(Data records)
* * *

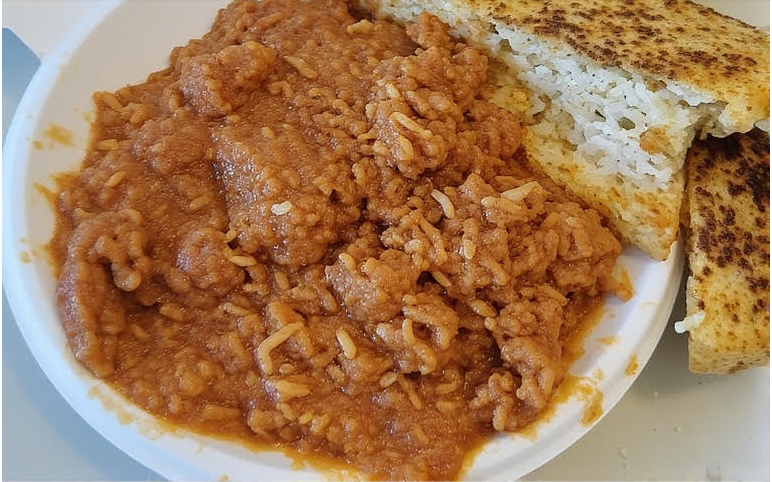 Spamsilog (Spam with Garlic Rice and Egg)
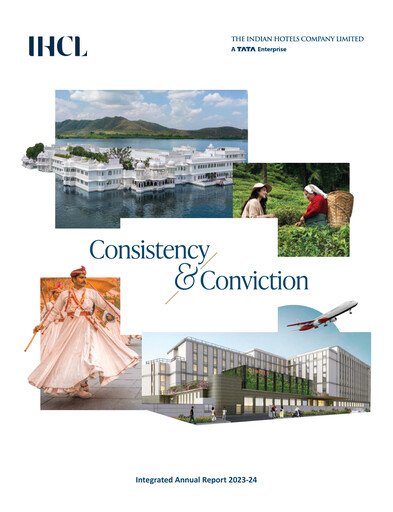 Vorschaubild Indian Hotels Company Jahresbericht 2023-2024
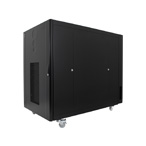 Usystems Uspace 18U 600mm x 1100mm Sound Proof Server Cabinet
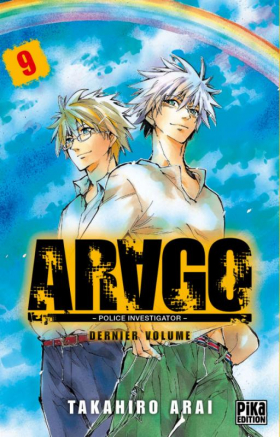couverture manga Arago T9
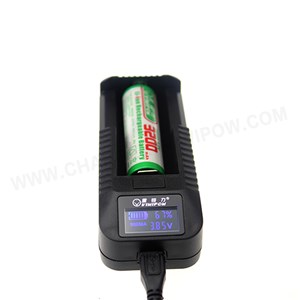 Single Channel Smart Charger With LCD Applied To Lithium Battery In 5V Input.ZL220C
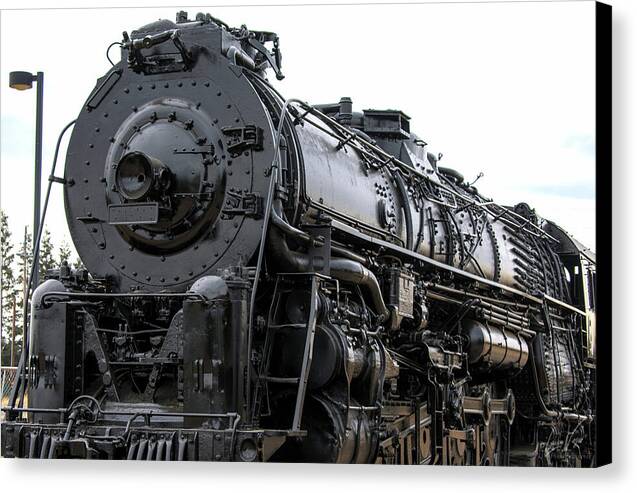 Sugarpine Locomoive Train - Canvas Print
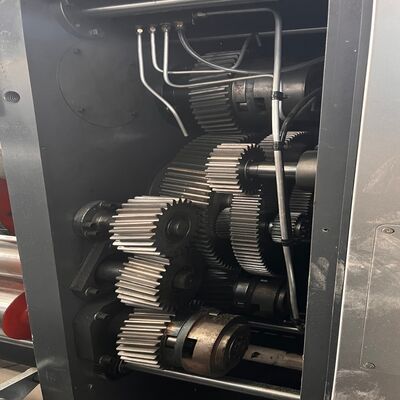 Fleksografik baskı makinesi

* * *

Your task is to repeat, word for word and with no picture, every line from the one that contains "couverture manga Arago T9" through the last line of the data.

couverture manga Arago T9
 Single Channel Smart Charger With LCD Applied To Lithium Battery In 5V Input.ZL220C
 Sugarpine Locomoive Train - Canvas Print
 Fleksografik baskı makinesi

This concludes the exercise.